• [ACTIVITY]:
Starting at the line that contains "CCYXSHOW DIY Artificial" and stopping at the line that contains "PAKET LAMPU ALIS", transcribe every line of the material below exactly; pictures stay out.

• [RECORDS TO PROCESS]:
--------------------
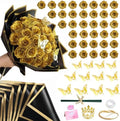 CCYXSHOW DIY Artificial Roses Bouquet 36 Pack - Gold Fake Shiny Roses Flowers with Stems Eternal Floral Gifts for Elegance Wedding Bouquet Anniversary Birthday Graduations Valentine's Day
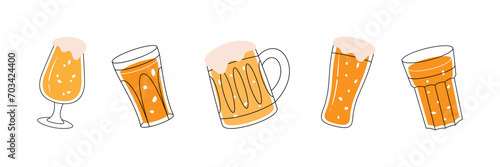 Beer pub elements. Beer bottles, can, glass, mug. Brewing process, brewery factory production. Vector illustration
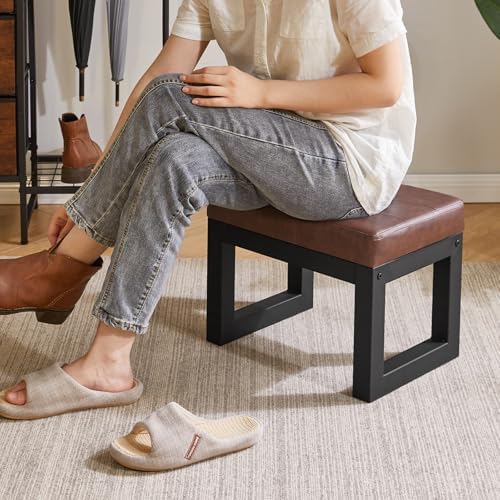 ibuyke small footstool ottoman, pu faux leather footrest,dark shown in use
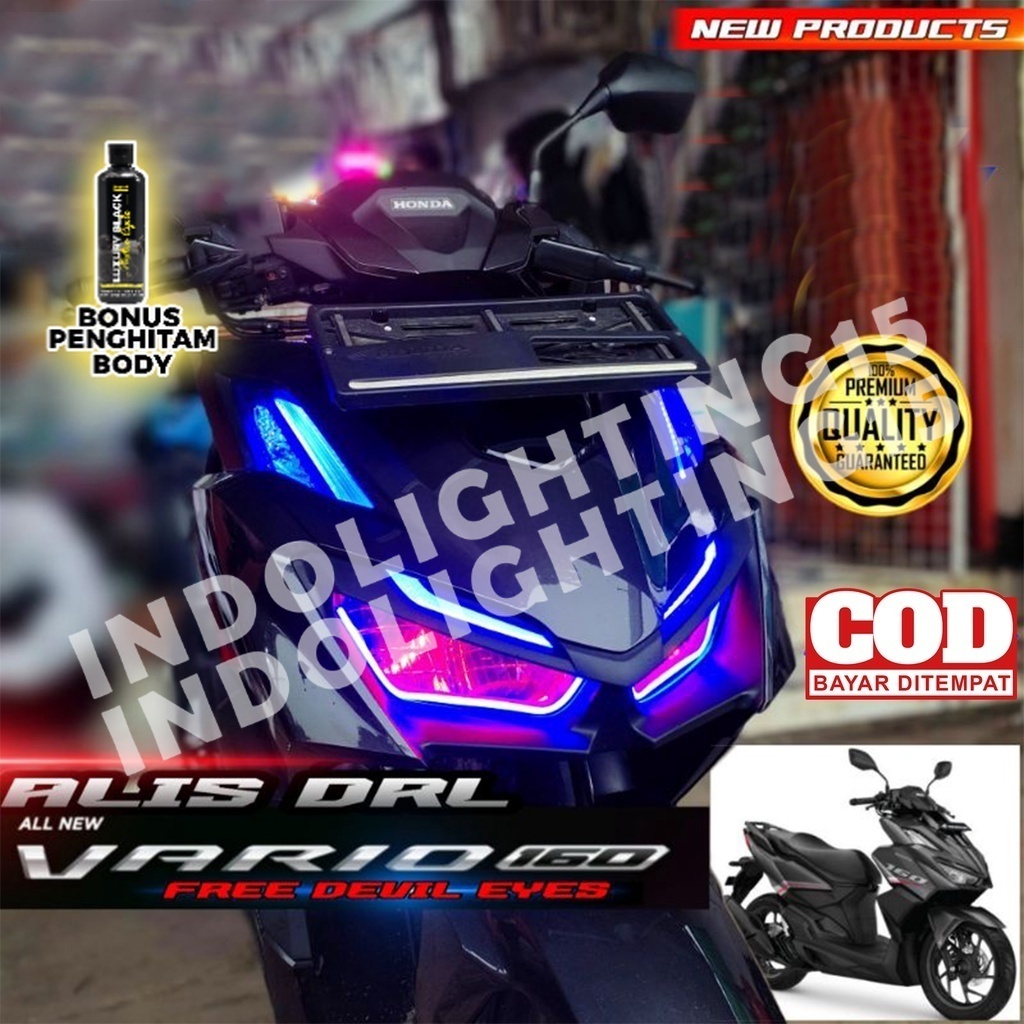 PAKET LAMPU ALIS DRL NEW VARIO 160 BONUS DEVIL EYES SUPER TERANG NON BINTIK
--------------------
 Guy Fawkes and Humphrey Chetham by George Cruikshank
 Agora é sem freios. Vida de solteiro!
--------------------
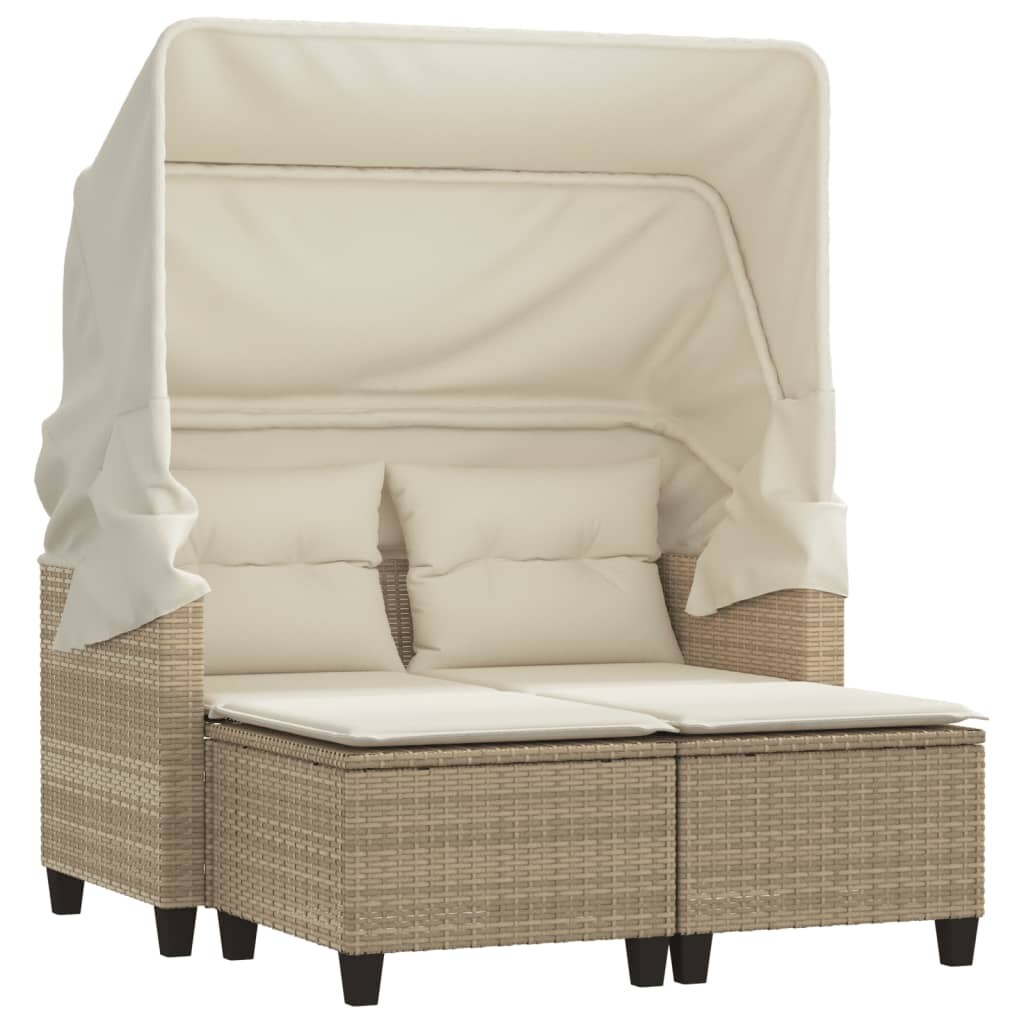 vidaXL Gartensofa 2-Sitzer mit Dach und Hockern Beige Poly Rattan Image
--------------------
• [RESULT OF THE EXERCISE]:
 CCYXSHOW DIY Artificial Roses Bouquet 36 Pack - Gold Fake Shiny Roses Flowers with Stems Eternal Floral Gifts for Elegance Wedding Bouquet Anniversary Birthday Graduations Valentine's Day
 Beer pub elements. Beer bottles, can, glass, mug. Brewing process, brewery factory production. Vector illustration
 ibuyke small footstool ottoman, pu faux leather footrest,dark shown in use
 PAKET LAMPU ALIS DRL NEW VARIO 160 BONUS DEVIL EYES SUPER TERANG NON BINTIK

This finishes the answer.